JANE HOUSE PRODUCTIONS

 
 

Review of Luigi Pirandello’s Why?

Beate Hein Bennett, The Journal of the Pirandello Society of America,

Volume XVI (2003): 94-95


Every now and then a delightful little literary nugget appears from a writer whose work was presumably fully ascertained. Thus Perchè? or Why?, translated from the Italian and given a staged reading by Jane House Productions at the Italian Cultural Institute of New York, provided the audience with a petit four of early Pirandello. The finder’s fee should go to Daniel Gerould, Distinguished Professor of Theatre and Comparative Literature at the CUNY Graduate Center, who happened to come upon the play by accident and passed it on to Dr. House.


The play is a crisp one act about the anguish of a young couple; a jealous husband tortures a testy young wife as both are chafing at the chains of love. The dialogue is alternately recriminatory and conciliatory, typical of immature and insecure lovers; the male wishes to enter terra nova while the female feigns prior amorous experience. Both drive each other crazy with suppositions, premonitions, assumptions and accusations. Bare faces of true despair alternate with elaborate masks of bravado to confound the characters in their search for the truth in their relationship.


The salon environment of the Italian Cultural Institute provided the appropriate backdrop according to Pirandello’s own set requirements of an elegantly furnished drawing room. The cast included the couple, Enrico and Giulia, played by Oscar De La Fe Colon and Carolina McNeely, and, as the unflappable Maid, Kathleen Stolarski. Dr. House directed the young cast with just enough movement to suggest the temperament of each character. Above all, she was sensitive to the musical structure of the play manifested in the varied dynamics of the text, at times delivered con brio, at times largo or andante. The husband’s lines were given with great passion by Oscar De La Fe Colon; by contrast Carolina McNeely’s sensitive rendering showed a woman who refused to be fettered by jealous all-consuming love. Her charming red and white feather hat suggested late 19th-century coquette elegance, enough to drive a husband to distraction. The presentation showed Pirandello’s own wavering between rendering the condition of human miscommuni-cation as tragicomedy or as satire. It is clearly an early exercise in liberation from the sophistication of French farce and plumbs the psychology of erotic attachments. The first vestiges of Right You Are If You Think You Are can be detected in this short scene.
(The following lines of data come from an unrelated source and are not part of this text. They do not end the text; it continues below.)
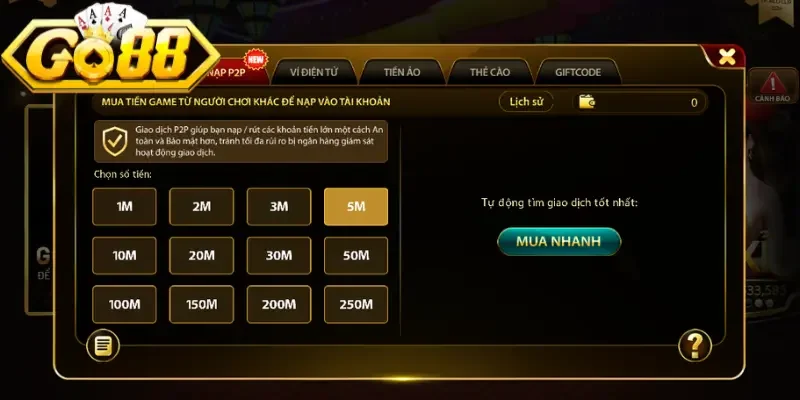 Chi tiết các bước nạp tiền vào website Go88 hiệu quả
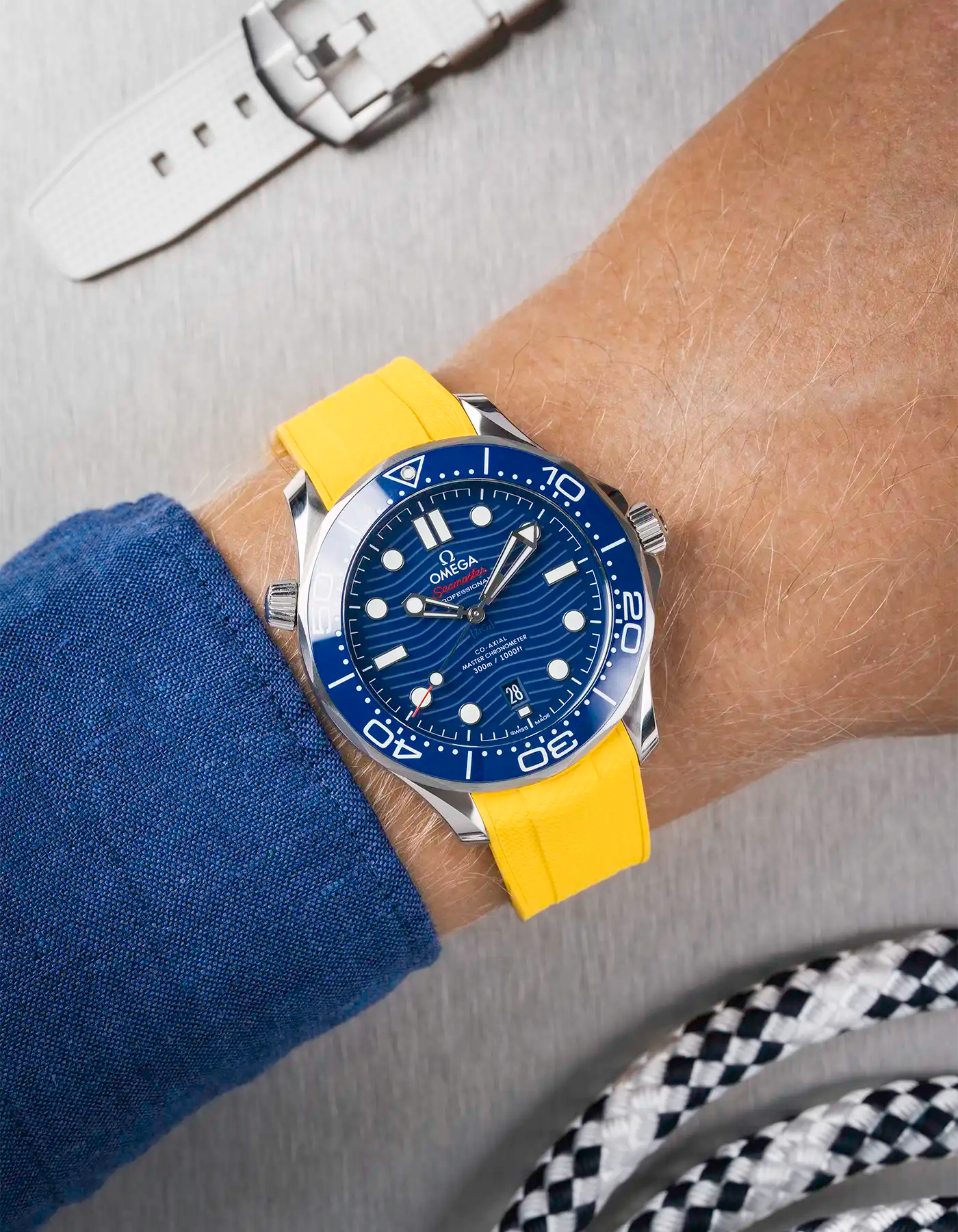 Rubber Strap for Omega Seamaster Diver 300 42mm Blue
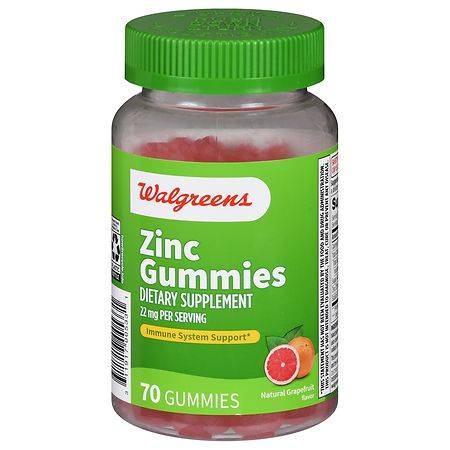 Walgreens Natural Zinc 22 mg Gummies, Grapefruit (70 ct)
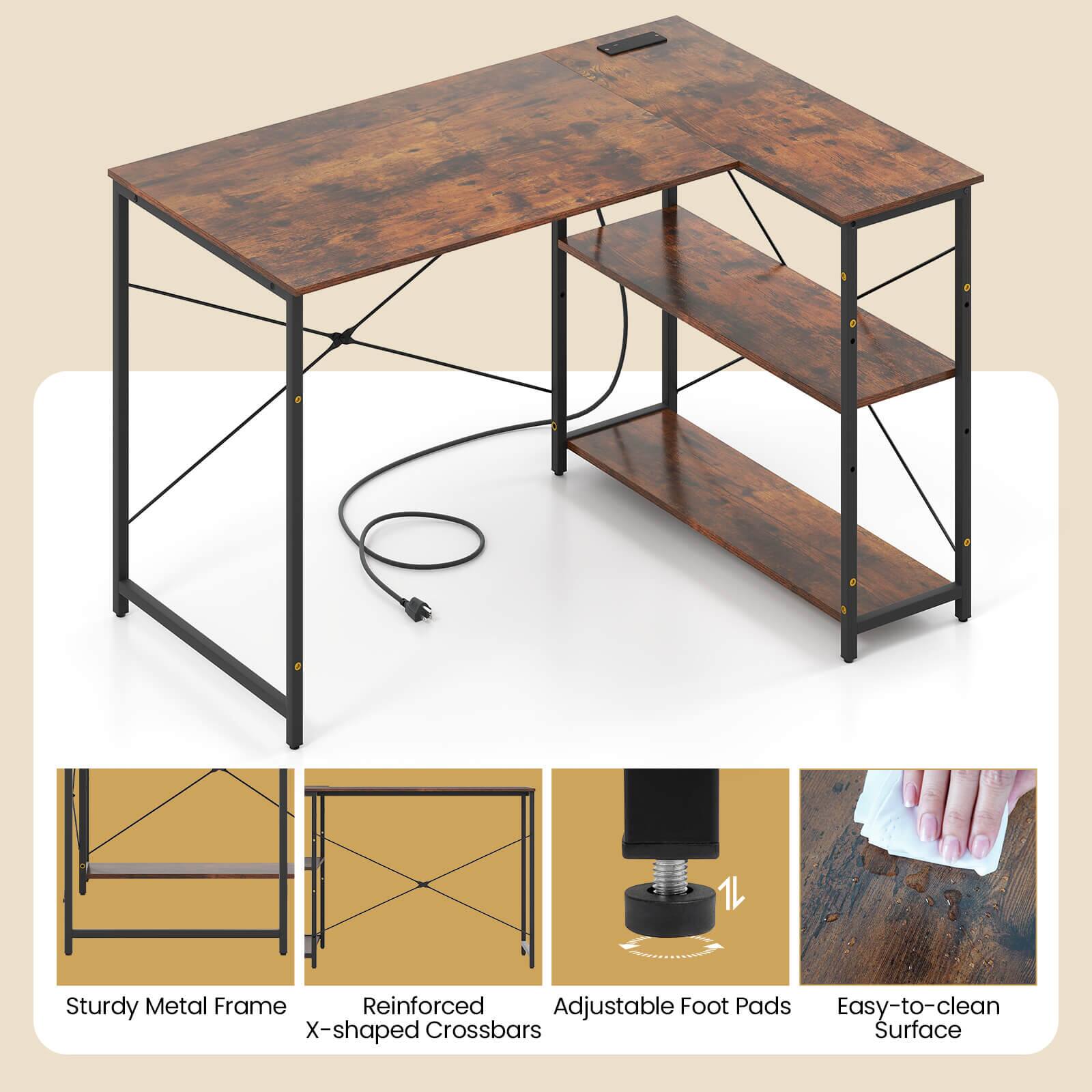 The image features a wooden desk with a metal frame, which has a shelf and a cable management system. The desk is designed with reinforced adjustable foot pads for added stability. The desk also has an X-shaped crossbar for easy-to-clean surfaces. The desk is made of sturdy metal, ensuring durability and long-lasting use.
The evening was enriched for the audience by Marvin Carlson’s introductory lecture on the Italian theatrical and literary context in which Pirandello created his early work. Distinguished Professor Carlson teaches theatre at the CUNY Graduate Center. After the presentation of the play, Jane House provided additional insight about the dramatic work of young Pirandello. Jane House Productions, the Istituto Italiano di Cultura of New York, the Martin E. Segal Theatre Center of the CUNY Graduate Center, and the Pirandello Society of America, as well as the actors are to be thanked for a generous, delightful evening.